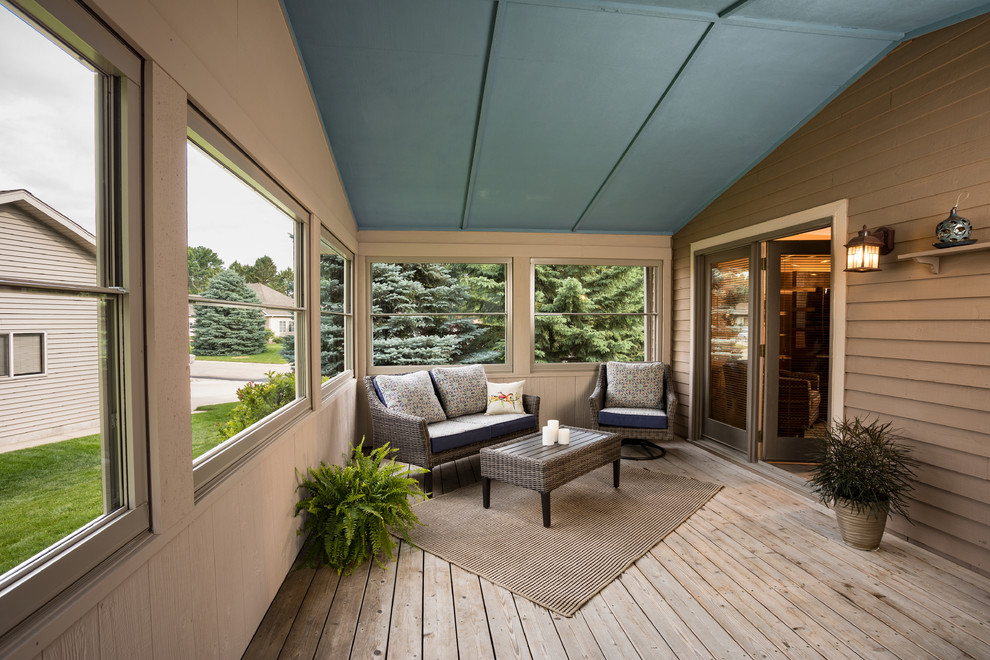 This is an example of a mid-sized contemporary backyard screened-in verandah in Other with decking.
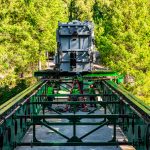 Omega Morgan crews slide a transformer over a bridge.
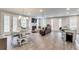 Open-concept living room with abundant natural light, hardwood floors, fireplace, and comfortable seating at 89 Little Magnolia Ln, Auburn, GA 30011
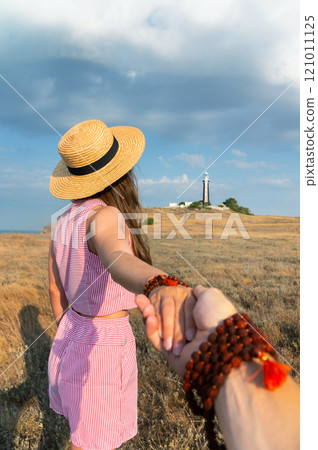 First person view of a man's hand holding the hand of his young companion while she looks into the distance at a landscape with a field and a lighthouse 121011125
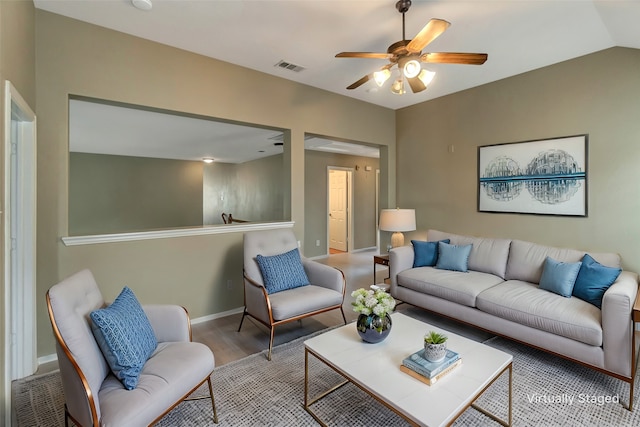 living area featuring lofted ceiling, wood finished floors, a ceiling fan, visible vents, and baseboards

-=-=-

**Work required**
Set down the full listing above with its wording unchanged. Leave out its images.

**Problem solution**
 This is an example of a mid-sized contemporary backyard screened-in verandah in Other with decking.
 Omega Morgan crews slide a transformer over a bridge.
 Open-concept living room with abundant natural light, hardwood floors, fireplace, and comfortable seating at 89 Little Magnolia Ln, Auburn, GA 30011
 First person view of a man's hand holding the hand of his young companion while she looks into the distance at a landscape with a field and a lighthouse 121011125
 living area featuring lofted ceiling, wood finished floors, a ceiling fan, visible vents, and baseboards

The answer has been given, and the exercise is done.